Mittagflue - das ist weit bekannt in der Kletterszene und in der Wand ist inzwischen was los. Obwohl so breit und hoch schaffen es zwei Kletterer aus einem grossen, nördlichen Land kreuz und quer in die Routen zu klettern. Sie reden laut und genieren sich nicht, gleichzeitig in unserer Route zu klettern. Selbstverständlich hängen sie in den gleichen Bohrhaken auch noch ihren Express ein. Es wird eng am Stand wo sonst schon kein Platz ist. - Nun gut, wir behalten die Nerven und den Mund und irgendwann verleidet es ihnen und sie seilen ab.

 

Die siebte und achte Seillänge sind am schwierigsten und ich kämpfe um jeden Meter. Doch es gelingt mir diese glatten Stellen zu überwinden. Chrigu ist mit den Frauen schon oben und ich freue mich bald mit ihnen an der Sonne zu sitzen. Die Stimmen kommen näher und dann kann ich über die Kante schauen. Geschafft!

 

So langsam erholen sich die Zehen und der Adrenalinspiegel sinkt auf einen tieferen Pegel. Ein tolles Gefühl die acht Seillängen erfolgreich geklettert zu haben. Besonders Marianne darf sich gratulieren lassen. Nach unzähligen Hallen Trainings hat sie heute ihre Felspremiere glänzend bestanden. Sie ist entsprechend begeistert von diesem Tag.

 

Der Abstieg von der Mittagflue ist ziemlich anspruchsvoll. Nach einem Verhauer in die Botanik und steilen Wänden kommen wir wieder auf den rechten Weg und steigen vorsichtig ab. Ist es nun T5 oder mehr? Ich weiss es nicht, aber sicher nicht weniger. Zum Schluss seilen wir vier Mal ab und das ist immer eine schöne Sache so schnell senkrechte Wände hinunter zu gleiten.

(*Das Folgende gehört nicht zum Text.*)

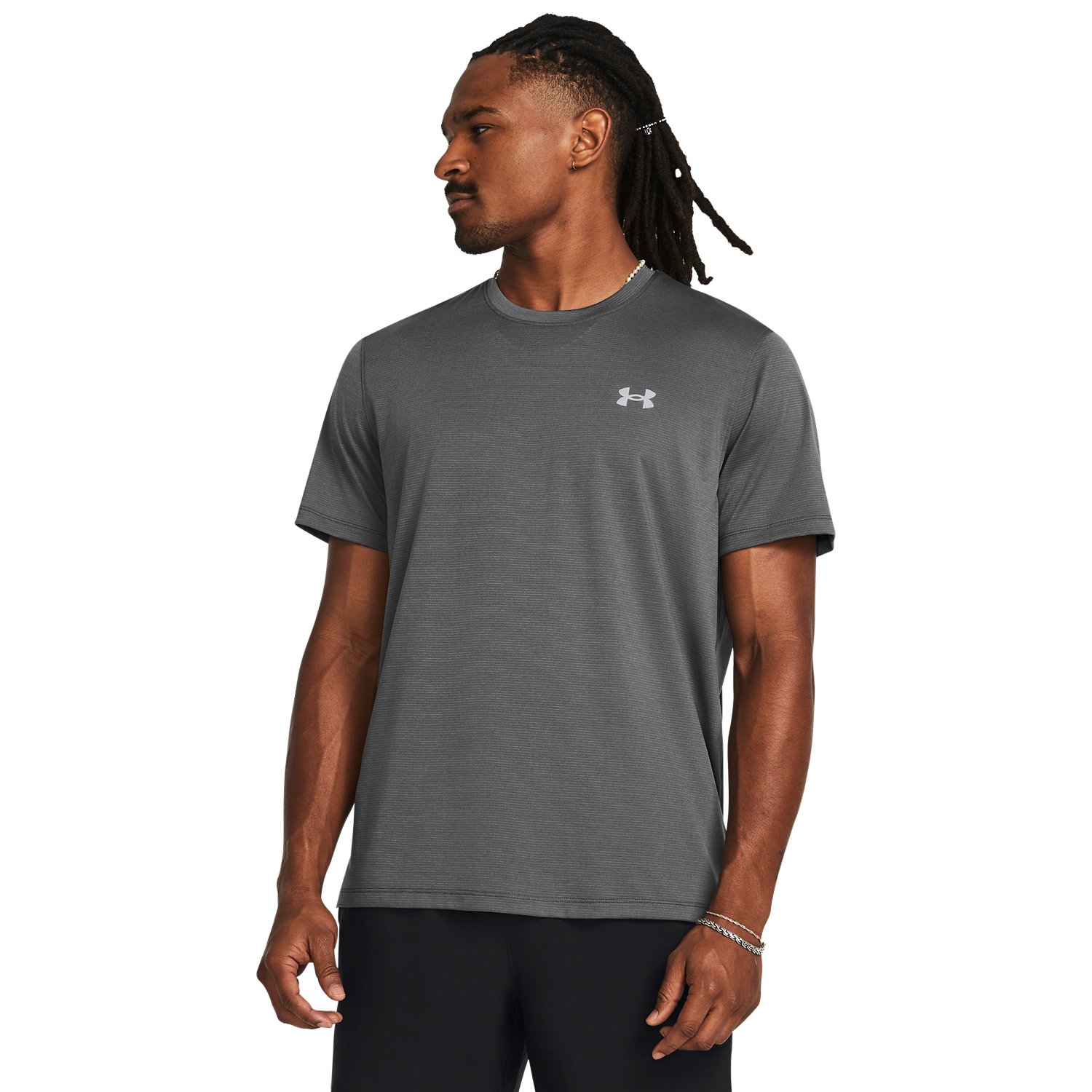 UA Launch Kurzarm Oberteil fur Herren Under Armour DE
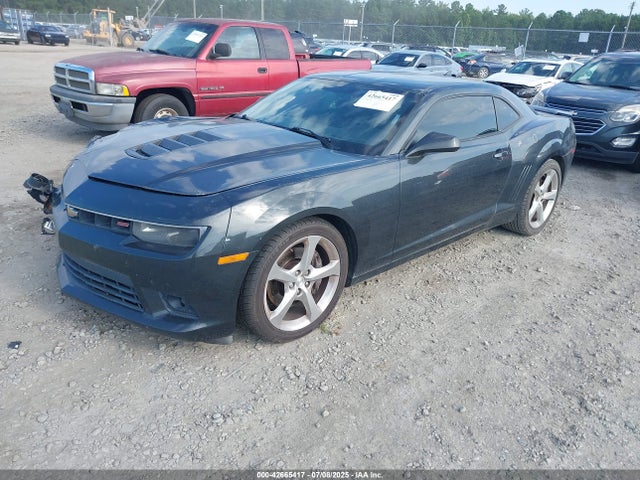 Chevrolet l99 2014 2G1FK1EJ8E9134188 Image 2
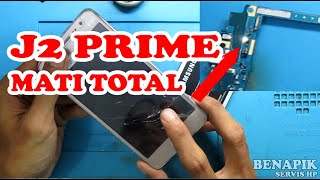 Samsung J2 Prime Mati Total / Samsung J2 Prime Dead Solution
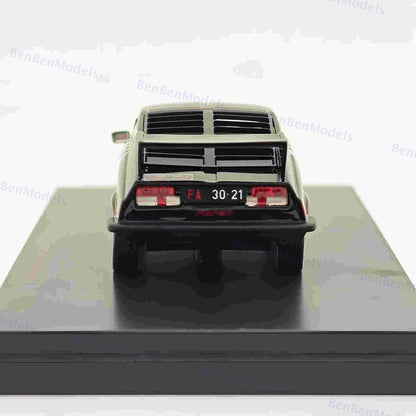 1:43 FOX18 Škoda Supersport typ 724 Ferat Movie version #28 1981 Limited Edition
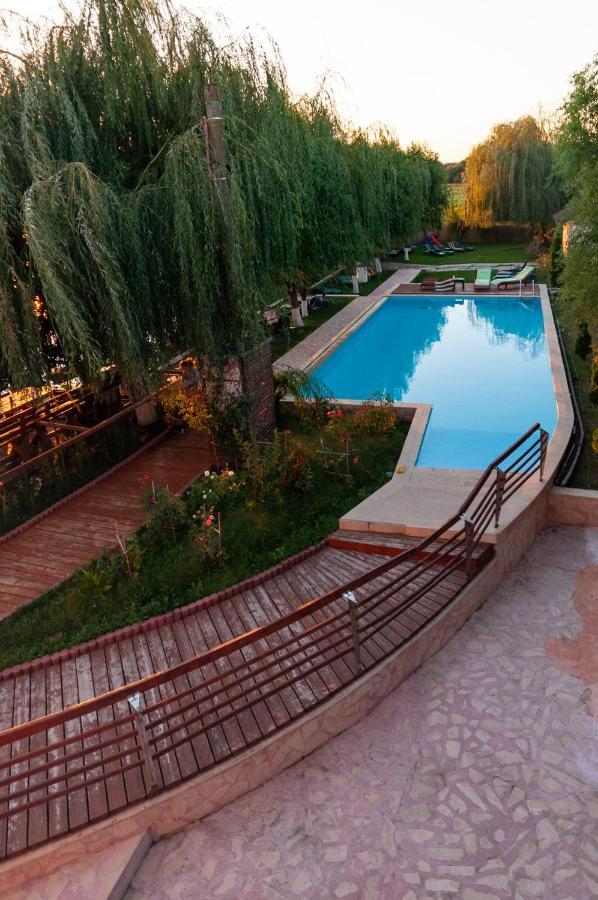 Paradis Hotel Mila Douăzeci şi Trei エクステリア 写真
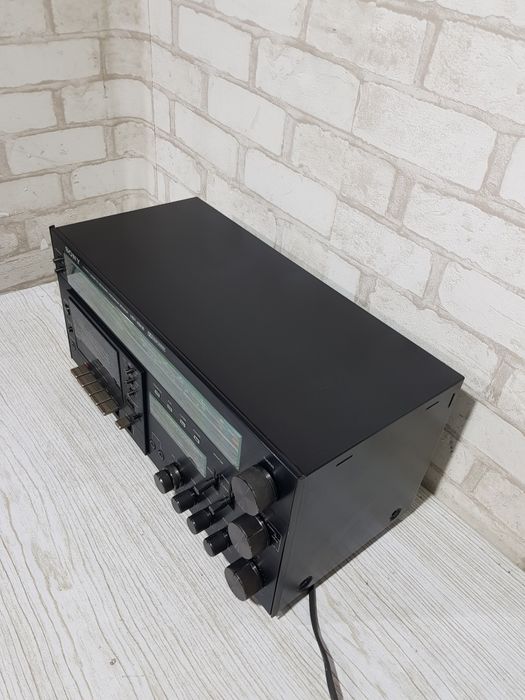 Hi-Fi! Касивер SONY HST-49-AB, *2x25 Вт, FM/AM, б/у з Німеччини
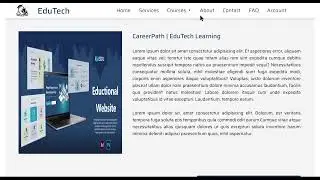 Learn to create Attractive and Eye Catching Websites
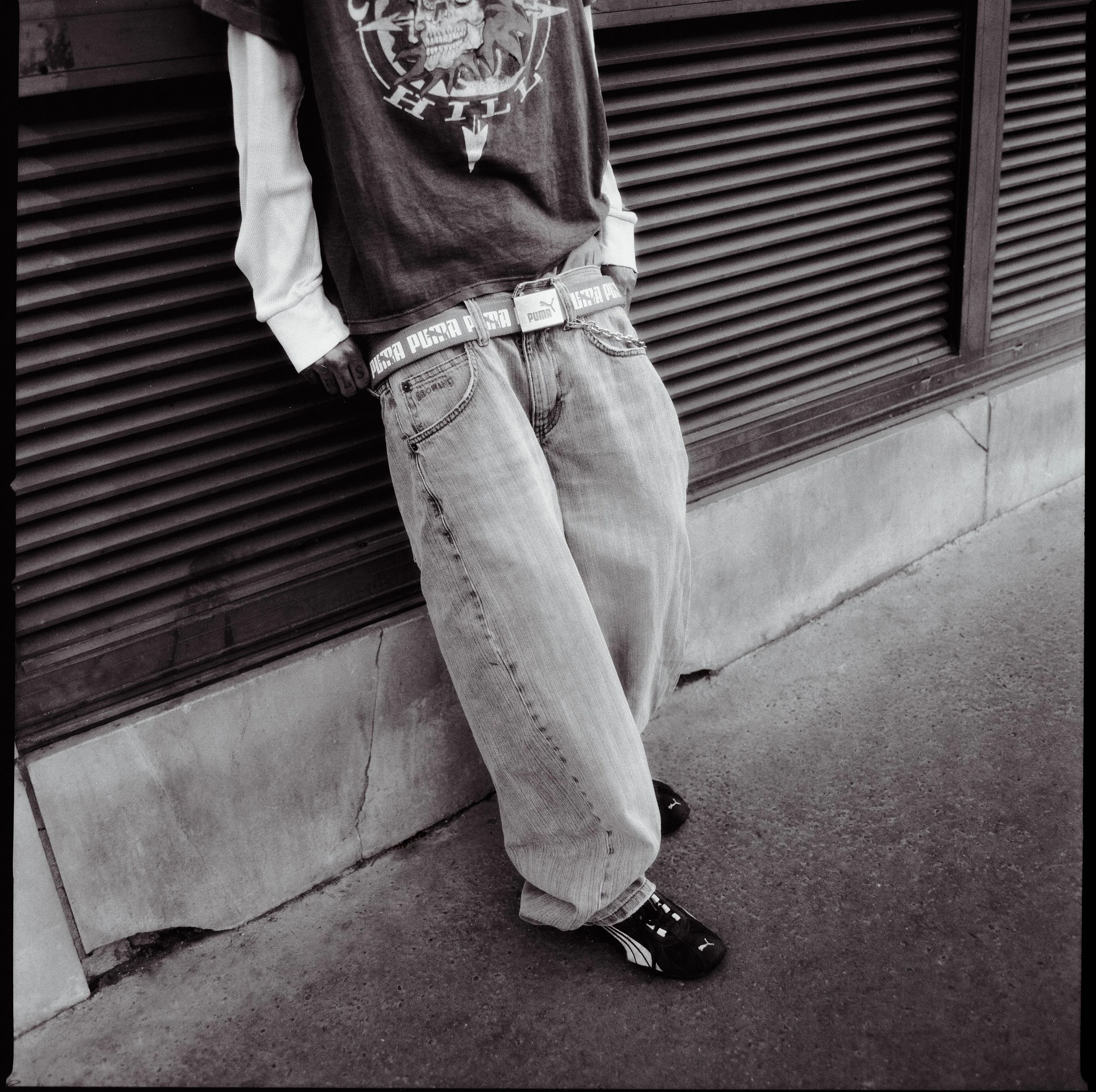 Fashion Test Shoot Paris, France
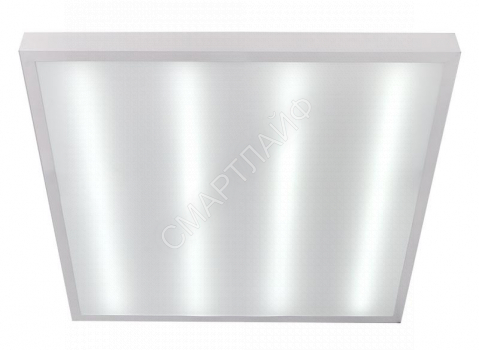 Светильник светодиодный PPL SPEC1 OP 36Вт 6500К IP54 176-264В 595х595х40 ДВО встраив. для чистых помещений панель Pro+ JazzWay 5029095 - smartlife-ural.ru – Екатеринбург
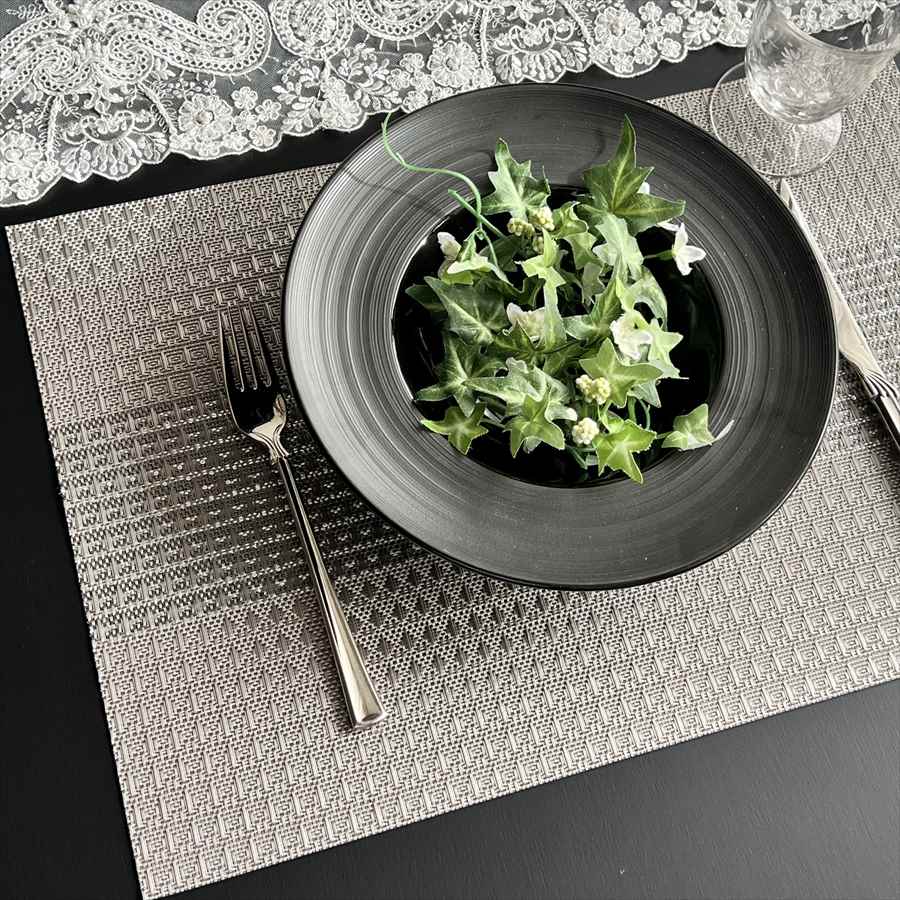 リバーシブル ランチョンマット 45×30cm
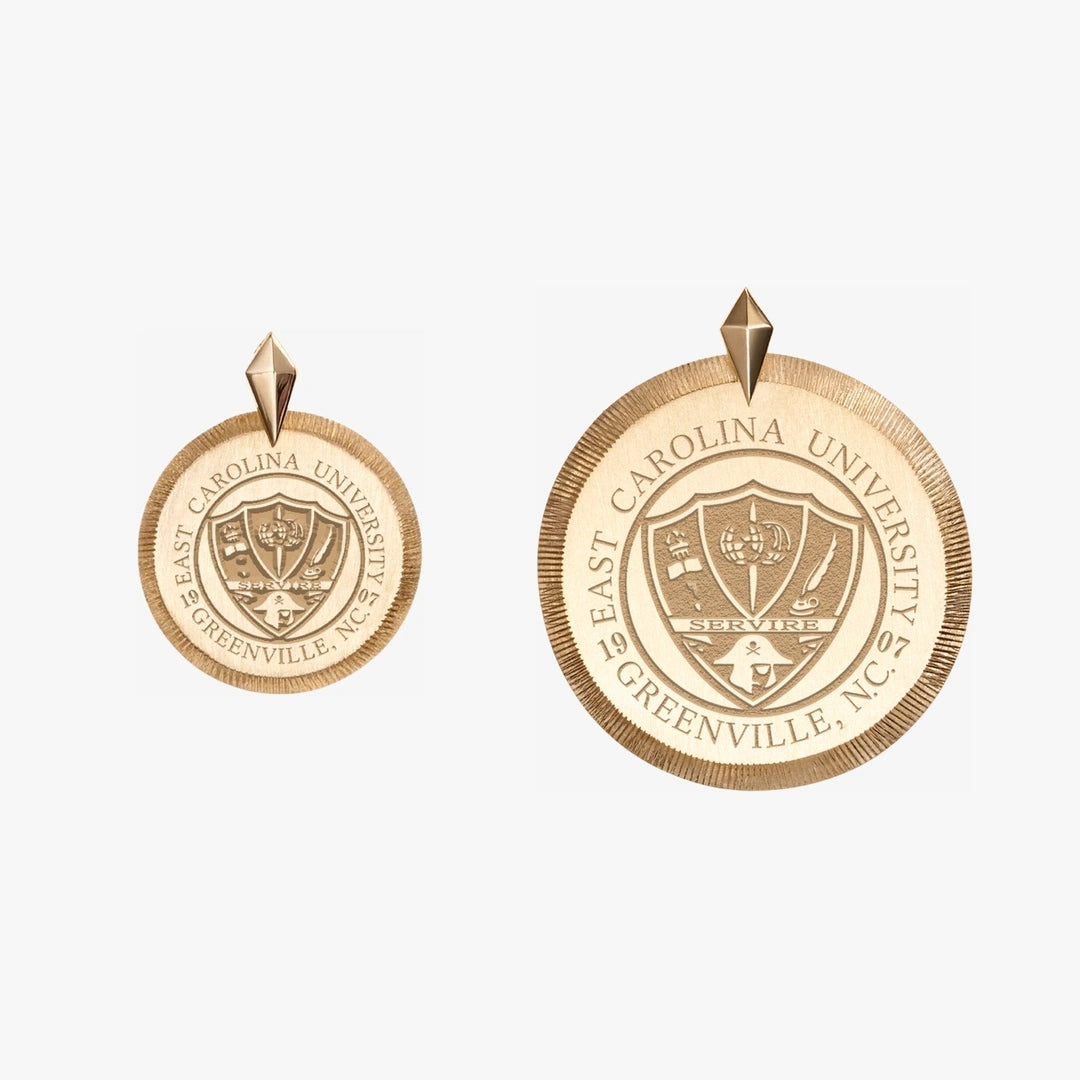 ECU Florentine Pendant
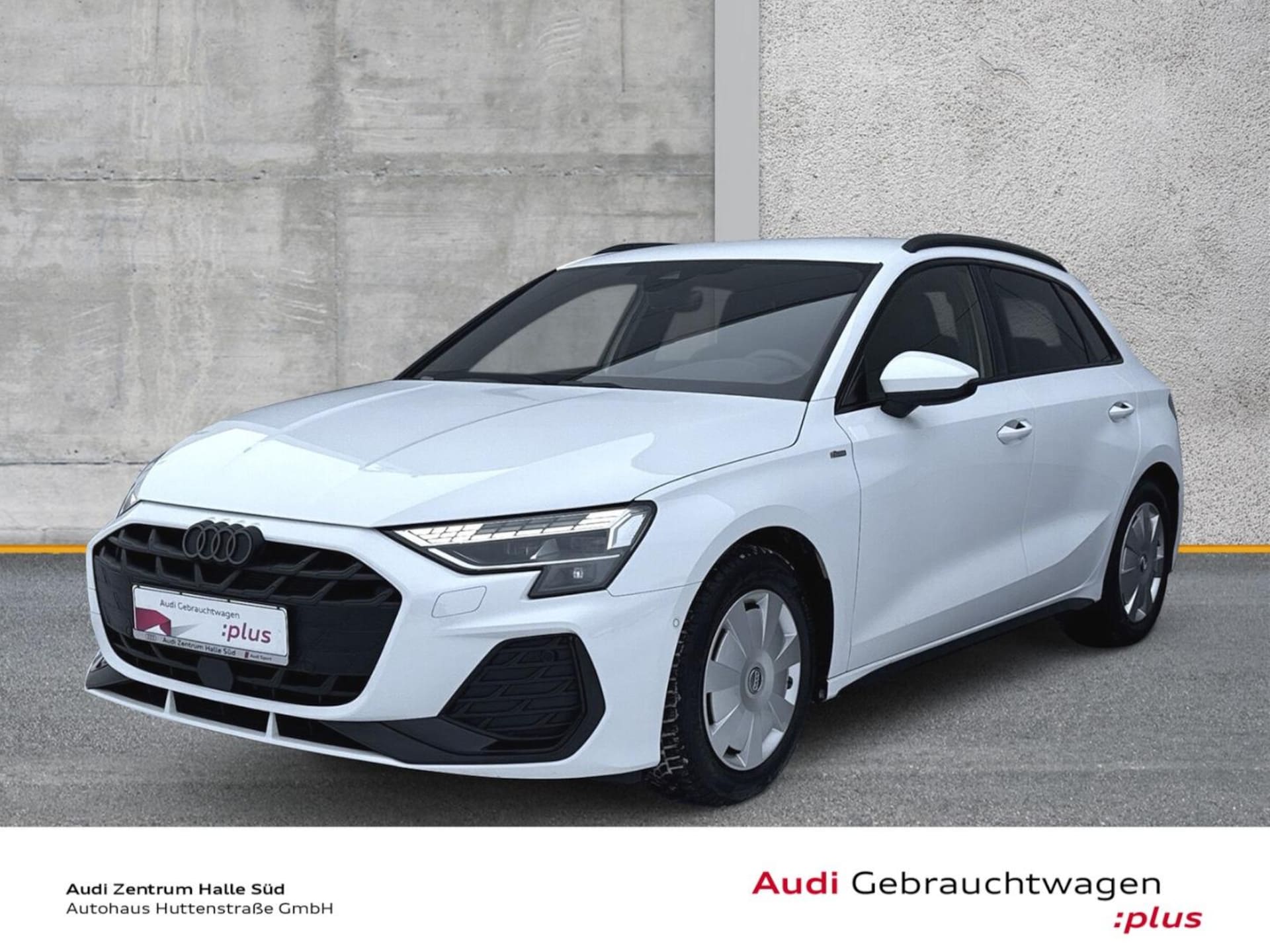 Audi A3 Sportback S line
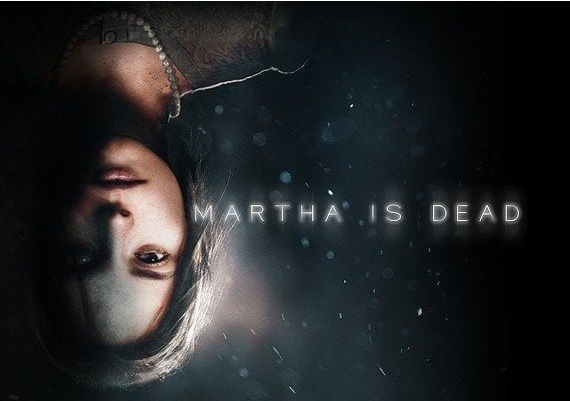 Martha Is Dead EU Steam Digital Key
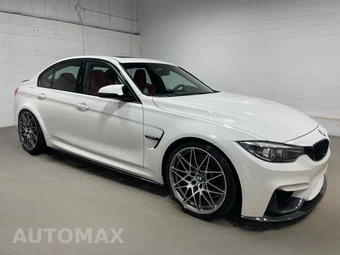 2018 BMW M3 Sedan - miniatura 3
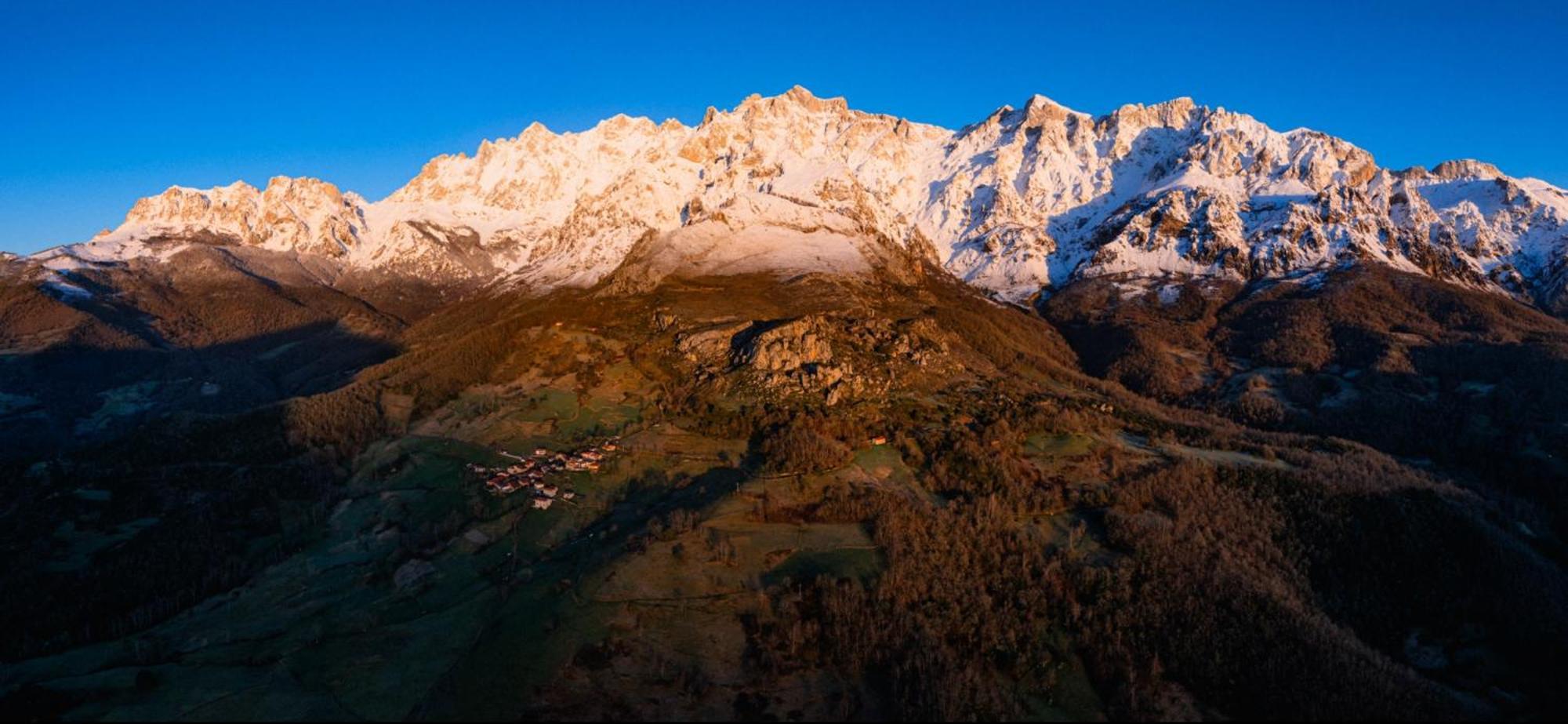 Aire De Picos Norte Brez Екстер'єр фото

Glücklich erreichen wir unser Materialdepot und wenig später das Auto.  - Es war ein langer und interessanter Tag. Es hat jedem Spass gemacht. In jedem Gesicht war die Freude und der Stolz abzulesen. Stolz sein darf auch Chrigu. Er hat uns durch die Wand geführt und durch seine ruhige und fröhliche Art den Ausflug geprägt.